Sun Feb 7 17:01:20 CST 2010

   It doesn't know in advance how many entries there will be in the IS  
that defines the larger overlap; hence it allocates Mbs space (the  
TOTAL number of block rows in the ENTIRE matrix) for EACH IS. It has  
to allocate PetscInt for each rows/columns collected plus a bit array  
to cheaply check if one has already been collected. This is true to  
AIJ and BAIJ matrices.

When there are a lot of IS or a large Mbs this is troublesome.

    If we go through the process twice we could count the number of  
entires for each the first time and then allocated the correct space.  
This would change the memory usage from 33 (or 65) bits *# IS * Mbs to  
1 bit * # IS *Mbs.

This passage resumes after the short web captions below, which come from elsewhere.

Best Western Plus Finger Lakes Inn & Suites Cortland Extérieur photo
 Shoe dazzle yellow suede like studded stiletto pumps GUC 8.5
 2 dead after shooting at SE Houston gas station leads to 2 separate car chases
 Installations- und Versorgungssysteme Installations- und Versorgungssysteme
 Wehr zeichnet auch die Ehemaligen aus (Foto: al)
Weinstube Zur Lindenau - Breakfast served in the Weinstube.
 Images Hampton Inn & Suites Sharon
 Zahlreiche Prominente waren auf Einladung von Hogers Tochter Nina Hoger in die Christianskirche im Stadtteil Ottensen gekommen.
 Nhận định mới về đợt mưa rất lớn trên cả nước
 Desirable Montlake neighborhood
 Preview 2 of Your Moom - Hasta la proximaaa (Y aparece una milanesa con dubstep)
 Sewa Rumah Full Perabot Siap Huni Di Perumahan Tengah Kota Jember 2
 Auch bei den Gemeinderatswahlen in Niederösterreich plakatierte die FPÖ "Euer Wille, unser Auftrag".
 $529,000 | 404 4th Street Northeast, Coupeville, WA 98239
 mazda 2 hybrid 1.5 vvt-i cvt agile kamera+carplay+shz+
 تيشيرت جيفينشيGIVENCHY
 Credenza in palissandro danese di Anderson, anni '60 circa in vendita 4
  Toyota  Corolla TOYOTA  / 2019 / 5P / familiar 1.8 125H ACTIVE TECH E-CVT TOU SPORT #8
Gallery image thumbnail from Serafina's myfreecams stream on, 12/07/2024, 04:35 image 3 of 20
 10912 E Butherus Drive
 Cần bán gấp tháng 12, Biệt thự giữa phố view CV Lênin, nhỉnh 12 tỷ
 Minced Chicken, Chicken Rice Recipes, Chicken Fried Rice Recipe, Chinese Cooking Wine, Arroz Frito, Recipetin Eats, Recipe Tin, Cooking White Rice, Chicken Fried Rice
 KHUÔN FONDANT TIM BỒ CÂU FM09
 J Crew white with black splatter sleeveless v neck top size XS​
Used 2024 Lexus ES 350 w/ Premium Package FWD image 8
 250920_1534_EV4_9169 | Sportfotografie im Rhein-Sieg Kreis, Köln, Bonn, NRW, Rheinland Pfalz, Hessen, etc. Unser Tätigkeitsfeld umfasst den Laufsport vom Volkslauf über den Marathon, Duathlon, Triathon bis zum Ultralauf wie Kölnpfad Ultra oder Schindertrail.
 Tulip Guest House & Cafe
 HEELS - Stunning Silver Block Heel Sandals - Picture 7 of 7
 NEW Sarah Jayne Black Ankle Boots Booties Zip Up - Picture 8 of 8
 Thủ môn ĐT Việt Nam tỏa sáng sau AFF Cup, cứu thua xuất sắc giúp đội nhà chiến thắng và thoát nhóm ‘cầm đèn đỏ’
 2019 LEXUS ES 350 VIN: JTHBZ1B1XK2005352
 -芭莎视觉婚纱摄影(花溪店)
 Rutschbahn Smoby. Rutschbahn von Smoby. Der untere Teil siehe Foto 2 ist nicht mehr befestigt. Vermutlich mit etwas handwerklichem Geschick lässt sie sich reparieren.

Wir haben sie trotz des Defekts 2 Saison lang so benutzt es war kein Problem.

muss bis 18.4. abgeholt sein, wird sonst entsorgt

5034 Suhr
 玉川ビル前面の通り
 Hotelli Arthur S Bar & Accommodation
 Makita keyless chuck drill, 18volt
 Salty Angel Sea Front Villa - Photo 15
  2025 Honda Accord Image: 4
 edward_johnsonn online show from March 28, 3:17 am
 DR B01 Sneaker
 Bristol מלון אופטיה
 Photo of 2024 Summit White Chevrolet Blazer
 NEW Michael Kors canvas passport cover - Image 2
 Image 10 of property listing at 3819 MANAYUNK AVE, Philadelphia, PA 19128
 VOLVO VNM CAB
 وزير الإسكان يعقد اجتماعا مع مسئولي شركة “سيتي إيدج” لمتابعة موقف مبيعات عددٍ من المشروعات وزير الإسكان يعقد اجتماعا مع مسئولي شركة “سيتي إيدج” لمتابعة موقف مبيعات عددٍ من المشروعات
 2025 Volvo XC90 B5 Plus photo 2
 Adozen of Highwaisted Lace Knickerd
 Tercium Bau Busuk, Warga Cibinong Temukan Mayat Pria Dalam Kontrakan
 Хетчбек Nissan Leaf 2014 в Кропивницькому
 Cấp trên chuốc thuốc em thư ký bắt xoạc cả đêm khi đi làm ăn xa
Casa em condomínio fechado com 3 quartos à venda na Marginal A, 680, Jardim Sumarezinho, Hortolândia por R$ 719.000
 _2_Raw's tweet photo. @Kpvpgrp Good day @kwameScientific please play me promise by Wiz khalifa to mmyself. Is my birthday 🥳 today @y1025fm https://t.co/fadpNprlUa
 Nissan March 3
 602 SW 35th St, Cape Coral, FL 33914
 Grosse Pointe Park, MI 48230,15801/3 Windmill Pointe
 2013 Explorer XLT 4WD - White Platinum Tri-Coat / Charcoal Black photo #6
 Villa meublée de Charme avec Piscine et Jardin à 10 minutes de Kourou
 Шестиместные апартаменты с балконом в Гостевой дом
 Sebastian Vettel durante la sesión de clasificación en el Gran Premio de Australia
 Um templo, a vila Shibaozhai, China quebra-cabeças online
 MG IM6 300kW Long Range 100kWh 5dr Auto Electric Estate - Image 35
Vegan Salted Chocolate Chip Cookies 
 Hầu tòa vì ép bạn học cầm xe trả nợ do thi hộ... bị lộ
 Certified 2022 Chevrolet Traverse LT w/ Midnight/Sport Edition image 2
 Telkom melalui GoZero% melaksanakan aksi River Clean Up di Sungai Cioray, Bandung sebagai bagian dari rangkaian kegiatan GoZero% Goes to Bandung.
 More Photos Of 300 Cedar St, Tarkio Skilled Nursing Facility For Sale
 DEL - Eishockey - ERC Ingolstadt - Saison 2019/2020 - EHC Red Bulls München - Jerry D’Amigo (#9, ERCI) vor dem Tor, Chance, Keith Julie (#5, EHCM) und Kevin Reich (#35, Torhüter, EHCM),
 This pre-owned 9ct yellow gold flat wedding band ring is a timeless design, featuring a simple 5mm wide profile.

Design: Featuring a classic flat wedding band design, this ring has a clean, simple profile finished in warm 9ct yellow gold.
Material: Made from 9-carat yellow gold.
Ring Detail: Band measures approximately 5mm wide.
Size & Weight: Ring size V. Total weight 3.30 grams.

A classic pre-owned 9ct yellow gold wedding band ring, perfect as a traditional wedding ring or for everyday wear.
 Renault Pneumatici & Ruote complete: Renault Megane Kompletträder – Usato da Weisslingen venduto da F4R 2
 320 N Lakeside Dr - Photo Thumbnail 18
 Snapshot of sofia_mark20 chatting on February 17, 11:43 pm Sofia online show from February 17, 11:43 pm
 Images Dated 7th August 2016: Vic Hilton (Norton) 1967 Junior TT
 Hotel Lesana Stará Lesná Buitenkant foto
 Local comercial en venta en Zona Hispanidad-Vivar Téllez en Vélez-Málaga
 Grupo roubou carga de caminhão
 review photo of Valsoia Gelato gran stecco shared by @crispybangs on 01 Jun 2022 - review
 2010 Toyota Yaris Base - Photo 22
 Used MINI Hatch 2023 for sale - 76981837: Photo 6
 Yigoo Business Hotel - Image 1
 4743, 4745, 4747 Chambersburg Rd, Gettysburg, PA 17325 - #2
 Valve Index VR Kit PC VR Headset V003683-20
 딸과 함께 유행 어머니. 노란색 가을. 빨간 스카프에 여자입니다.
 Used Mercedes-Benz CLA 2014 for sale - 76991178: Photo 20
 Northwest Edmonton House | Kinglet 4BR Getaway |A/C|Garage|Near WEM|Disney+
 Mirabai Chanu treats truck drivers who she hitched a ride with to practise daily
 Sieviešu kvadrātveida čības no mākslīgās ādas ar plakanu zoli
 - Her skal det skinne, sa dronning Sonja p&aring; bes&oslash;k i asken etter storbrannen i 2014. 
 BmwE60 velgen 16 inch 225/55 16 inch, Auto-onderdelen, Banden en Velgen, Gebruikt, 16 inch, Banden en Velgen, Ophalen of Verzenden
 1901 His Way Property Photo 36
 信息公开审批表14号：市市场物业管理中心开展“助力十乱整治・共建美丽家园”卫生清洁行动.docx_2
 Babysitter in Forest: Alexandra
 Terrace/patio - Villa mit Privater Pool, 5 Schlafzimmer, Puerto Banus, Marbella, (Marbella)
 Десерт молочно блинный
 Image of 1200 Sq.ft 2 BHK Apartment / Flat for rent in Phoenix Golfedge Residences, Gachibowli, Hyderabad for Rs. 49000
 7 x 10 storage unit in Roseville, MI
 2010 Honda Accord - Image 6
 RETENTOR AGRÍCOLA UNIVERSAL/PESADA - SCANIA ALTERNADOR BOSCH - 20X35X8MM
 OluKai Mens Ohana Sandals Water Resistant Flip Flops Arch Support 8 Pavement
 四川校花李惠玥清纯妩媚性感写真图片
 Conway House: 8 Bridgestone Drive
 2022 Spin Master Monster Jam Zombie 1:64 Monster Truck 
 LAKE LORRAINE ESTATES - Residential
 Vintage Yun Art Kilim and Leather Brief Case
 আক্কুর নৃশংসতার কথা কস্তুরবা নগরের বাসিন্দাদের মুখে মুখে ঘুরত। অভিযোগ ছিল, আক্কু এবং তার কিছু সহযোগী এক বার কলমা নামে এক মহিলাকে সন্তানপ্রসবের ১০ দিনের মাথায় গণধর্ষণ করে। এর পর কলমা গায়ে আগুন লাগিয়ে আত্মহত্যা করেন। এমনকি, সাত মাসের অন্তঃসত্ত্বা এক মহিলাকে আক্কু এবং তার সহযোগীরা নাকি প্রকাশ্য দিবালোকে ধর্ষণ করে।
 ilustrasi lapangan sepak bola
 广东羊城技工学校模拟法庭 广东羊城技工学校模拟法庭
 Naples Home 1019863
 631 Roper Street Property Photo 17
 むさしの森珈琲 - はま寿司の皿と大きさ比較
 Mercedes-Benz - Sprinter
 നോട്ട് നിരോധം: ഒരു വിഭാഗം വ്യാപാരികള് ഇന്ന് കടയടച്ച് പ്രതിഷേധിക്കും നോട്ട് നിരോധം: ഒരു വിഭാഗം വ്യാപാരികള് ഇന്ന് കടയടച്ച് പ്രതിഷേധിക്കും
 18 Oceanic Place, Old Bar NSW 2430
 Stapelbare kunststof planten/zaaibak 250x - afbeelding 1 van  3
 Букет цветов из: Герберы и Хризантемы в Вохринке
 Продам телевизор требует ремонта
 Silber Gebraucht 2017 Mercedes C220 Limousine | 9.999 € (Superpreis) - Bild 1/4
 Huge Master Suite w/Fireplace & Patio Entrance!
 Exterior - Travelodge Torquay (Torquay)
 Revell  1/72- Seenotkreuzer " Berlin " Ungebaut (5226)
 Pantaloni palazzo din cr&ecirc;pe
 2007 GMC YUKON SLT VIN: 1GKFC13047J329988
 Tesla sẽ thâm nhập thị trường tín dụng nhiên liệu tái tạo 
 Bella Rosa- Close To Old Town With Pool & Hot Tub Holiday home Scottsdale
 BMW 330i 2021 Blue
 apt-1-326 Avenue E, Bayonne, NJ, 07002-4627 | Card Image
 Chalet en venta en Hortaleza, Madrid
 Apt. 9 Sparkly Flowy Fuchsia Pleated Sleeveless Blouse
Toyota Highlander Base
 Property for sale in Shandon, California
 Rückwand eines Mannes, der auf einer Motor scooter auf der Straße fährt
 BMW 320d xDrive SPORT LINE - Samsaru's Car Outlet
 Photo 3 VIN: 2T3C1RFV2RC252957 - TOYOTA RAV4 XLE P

We could replace the bit array with a dynamic hash  
table to get rid of the dependence on Mbs.

   But if you really want thousands of subdomains per process we may  
want a completely different model because we don't really want to be  
allocating thousands of tiny IS.

   We could also do a small number of IS each time and loop over the  
bunches of IS. Doesn't make it scalable but might be good enough for  
basic tests.

    Barry

On Feb 7, 2010, at 10:38 AM, Jed Brown wrote:

> On Sat, 6 Feb 2010 19:39:30 -0600, Barry Smith <bsmith at mcs.anl.gov>  
> wrote:
>>
>>    You could try running with -malloc_log to see where all the memory
>> is being malloced by PETSc.
>
> baijov.c:182
>
>    ierr = PetscMalloc((imax)*(sizeof(PetscBT) + sizeof(PetscInt*)+  
> sizeof(PetscInt)) +
>      (Mbs)*imax*sizeof(PetscInt)  + (Mbs/PETSC_BITS_PER_BYTE 
> +1)*imax*sizeof(char),&table);CHKERRQ(ierr);
>
> This involves Mbs*imax which is the number of nodes per process times
> the number of subdomains per process.  I haven't investigated how
> difficult it would be to make this scalable.
>
> Jed